Once you are happy with your changes, make sure to check in both files under static and static-src, and commit those.

Making changes

If you are creating a new library, or a new library entry point, make sure to define the application source file in gulpfile.js, this is not handled automatically right now.

If you are bringing in a new vendor library, make sure to define the bundles you are going to create in gulpfile.js as well.

Tests should be included per-application, in a path called tests, under the static-src/js path you are working in. Currently, we still need a test runner that accumulates these files.


If merging several branches with JavaScript changes, it’s important to do a final post-merge bundle. Follow the steps above to rebundle the libraries, and check in any changed libraries.

JavaScript bundles

There are several components to our bundling scheme:

Vendor library

We repackage these using Browserify, Bower, and Debowerify to make these libraries available by a require statement. Vendor libraries are packaged separately from our JavaScript libraries, because we use the vendor libraries in multiple locations. Libraries bundled this way with Browserify are available to our libraries via require and will back down to finding the object on the global window scope.

Vendor libraries should only include libraries we are commonly reusing.

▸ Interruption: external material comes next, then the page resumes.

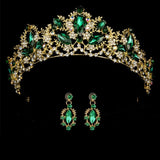 wedding crown queen bridal tiara bridal crown with earring luxury rhinestone headband diadem bride hair jewelry ornaments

This currently includes jQuery and Knockout. These modules will be excluded from libraries by special includes in our gulpfile.js.

Minor third party libraries

These libraries are maybe used in one or two locations. They are installed via Bower and included in the output library file. Because we aren’t reusing them commonly, they don’t require a separate bundle or separate include. Examples here would include jQuery plugins used on one off forms, such as jQuery Payments.

Our libraries

These libraries are bundled up excluding vendor libraries ignored by rules in our gulpfile.js. These files should be organized by function and can be split up into multiple files per application.

Entry points to libraries must be defined in gulpfile.js for now. We don’t have a defined directory structure that would make it easy to imply the entry point to an application library.